Birmingham Midshires reports that one in 10 people plans to retire abroad, while Alliance & Leicester predicts that 2.3 million Brits will own property overseas in the next 10 years.
Cheaper house prices on mainland Europe are encouraging equity-rich domestic homeowners to purchase. For example, Britons bought 40% of all new houses built on the Spanish Costas – where the average cost of a house is £87,000 – during 2003, and two-thirds of these are to be holiday or retirement homes.
However, this exodus of Britons to sunnier climes is having an inevitably inflationary effect on local house prices. On the Costas and in the Balearic Islands they are rising at 21% a year, more than three times faster than the ‘traditional’ rate of 6%-7%.

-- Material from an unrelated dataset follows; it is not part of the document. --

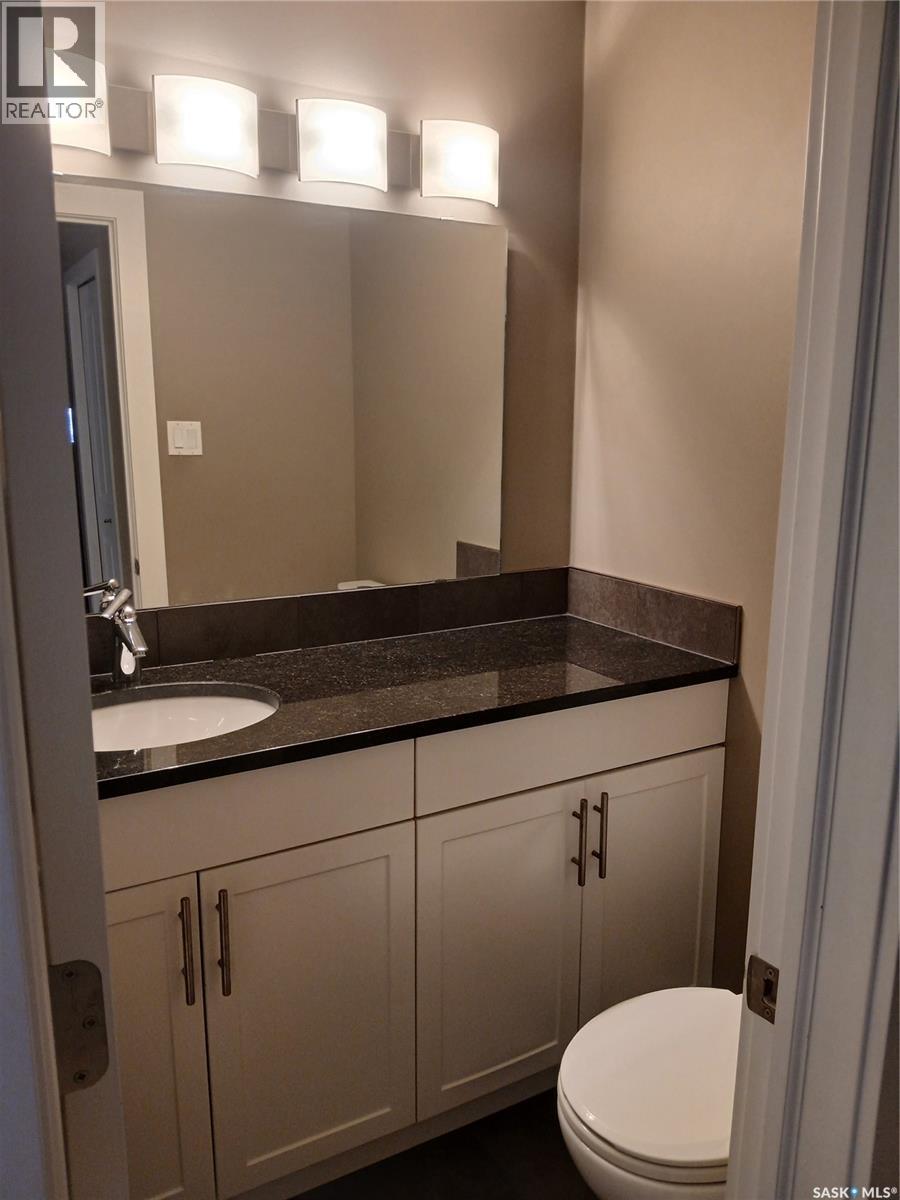 24 Cannington MEWS, Regina — photo 8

This rate of increase has been paralleled in France, where property prices in the Languedoc Roussillon area increased by 28% in the past year, almost three time’s the national average.
“It’s quite amazing how the country that gave the world football, cricket and warm beer now seems to be giving it good old British rampant house price inflation as well,” says financial adviser Martin Cunningham.
“If the same thing was happening here – with an influx of wealthy foreigners taking the bulk of our properties – there’d be questions in the House and rabid editorials in the Daily Mail on a regular basis. But because it’s us, and the places we’re increasingly going to are foreign, then that makes it all right, apparently.”